Let me admit from the very beginning that I am an unashamed admirer of Cristiano Ronaldo. Playing for Manchester United, Real Madrid or Portugal makes no difference because it is his football talent that impresses me.
Yes, there are a lot of rival club fan “haters”, even some Manchester United fans are turning on him since he defected to Spain but has it ever been considered why fellow professionals and wily, hardened managers speak so highly of him?
Of course Ronaldo has some deep character flaws, so did George Best, Paul Gascoigne, Eric Cantona, Diego Maradona and many others including Garrincha from as far back as the 50’s.

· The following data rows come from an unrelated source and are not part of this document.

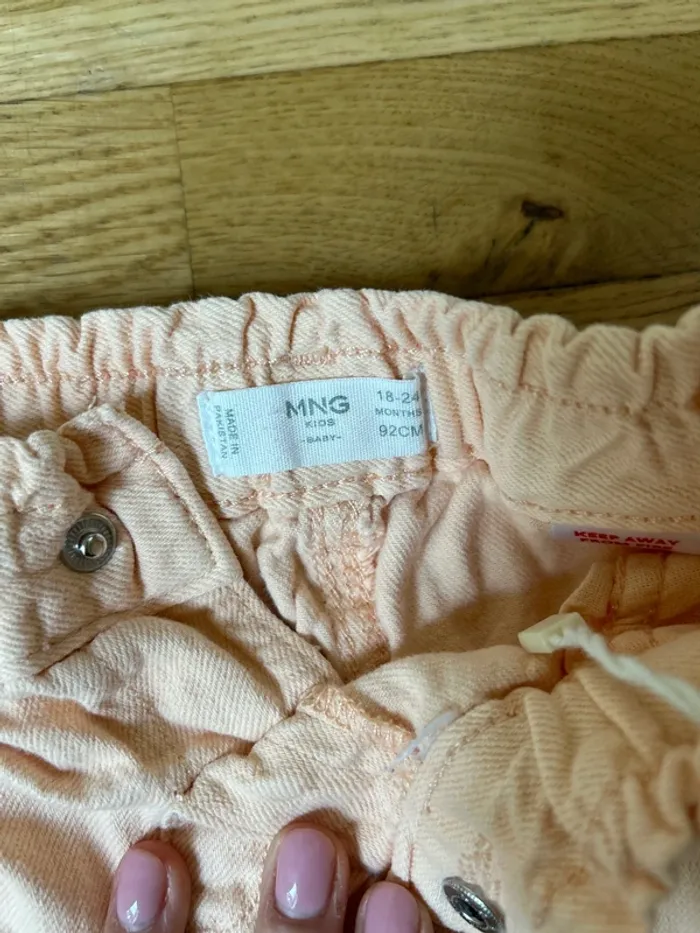 Pantalon saumon/abricot - photo numéro 2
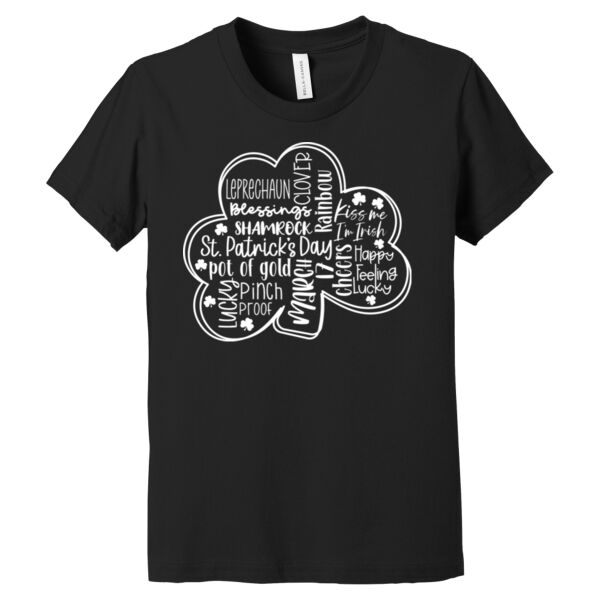 Clover Wordle - Youth Jersey Short Sleeve Tee Thumbnail
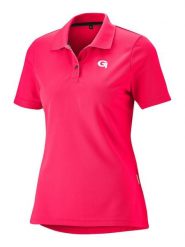 Gonso Koszulka polo rowerowa "Adventure" w kolorze różowym rozmiar: 36. Różowe topy sportowe damskie Gonso, bez wzorów, z materiału, bez ramiączek. Za 92.42 zł.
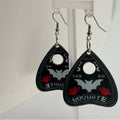 🦇 Bat Planchette Dangle Earrings – Mystical / Spooky Style – New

So What? These legends will forever be remembered for their sublime football skills not for their drinking, womanising or anything else. Arrogance? It can also be called self belief which these players had in abundance otherwise they would not have acheived half of what they did!
Which is why this article from the Sunday Times was so impressive. Ronaldo’s rise to where he is now has been far from easy, he and his family went through plenty of hardship, the sort of which few of us has ever experienced.
Maybe, just maybe, some of those characteristics that some people hate about him were precisely the same ones that helped Cristiano overcome those huge hurdles to get him to the very top of his profession before he reached his 25th birthday!
How many of us can say that about our lives?
Mama’s Boy Done Good
By Ian Hawkey, Sunday Times, 14 June 2009
Handsome, rich and Paris Hilton’s latest squeeze, Cristiano Ronaldo is a tabloid dream. But the £80m footballer’s story is more complicated than that
Real Madrid, the Spanish football club, were none too pleased to hear of the ostentatious way their prospective new employee had celebrated his first day as the costliest player in the history of the game.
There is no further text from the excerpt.